Before the New Year, most Oscar prediction experts were in agreement that it would be Leonardo DiCaprio winning Best Actor. He will most likely win Best Actor in a Motion Picture Drama at the Golden Globes on Sunday, because those dicksuckers at the Hollywood Foreign Press Association love him. But they don’t get a say at the Oscars. Many people who do have a say at the Oscars are in Palm Springs, which is where Bryan Cranston was on Saturday night.

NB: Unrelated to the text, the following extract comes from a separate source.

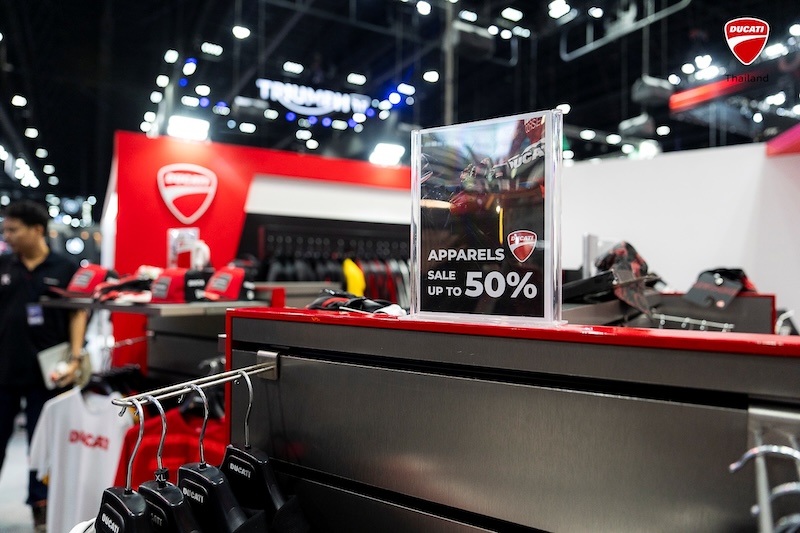 Ducati Apparel Sale ในงาน Motor Expo 2025 มุมสินค้าดูคาติ Ducati Apparel ลดราคาในงาน Motor Expo 2025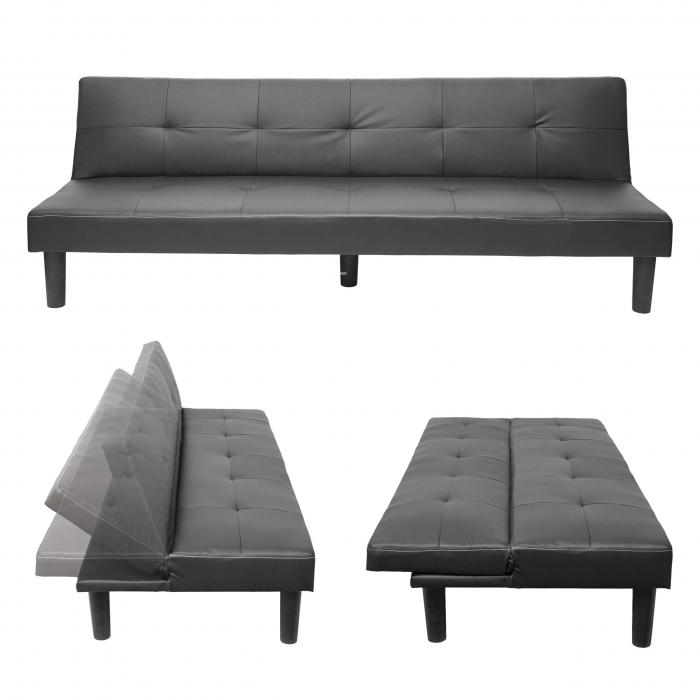 3er-Sofa HWC-G11, Couch Schlafsofa Gstebett Bettsofa Klappsofa, Schlaffunktion 195cm ~ Kunstleder, schwarz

Cranston was there to receive the Spotlight Award for his work in Trumbo. They love him in Palm Springs. He owns a theatre in Palm Desert. And, according to Deadline, his acceptance speech was all “class and elegance”, taking his time to talk about the message in his film, and why it matters just as much today as it did then:
“Dalton Trumbo was not a hero. He was a man who was just defending his civil liberties. He would not have said he was a hero, but there were many heroes during that dark time in Hollywood and American history. Certainly Kirk Douglas is a hero. Certainly Otto Preminger is a hero. And there are thousands of other people who were not blacklisted who saw an injustice and tried to right the wrong. Those are the people who should be celebrated for the message of Trumbo, and if our little movie is successful then hopefully the next generation of filmgoers will come away with asking the question: Did these 10 men go to prison knowing that they committed no crime? That they had an ideology that was not popular at the time but that was no crime? Hopefully they will realize that the blacklist was not a show on NBC, or also the blacklist is not that list writers want to get on so hopefully their screenplays will get sold. I would love to see that name change … My favorite line in the movie is when Dalton Trumbo confronts John Wayne and says ‘the whole point of this fight is that we both have the right to be wrong’. I am still questioning whether the Palm Springs Film Festival got this Spotlight award wrong, but I am going to get off this stage before they can change their minds.”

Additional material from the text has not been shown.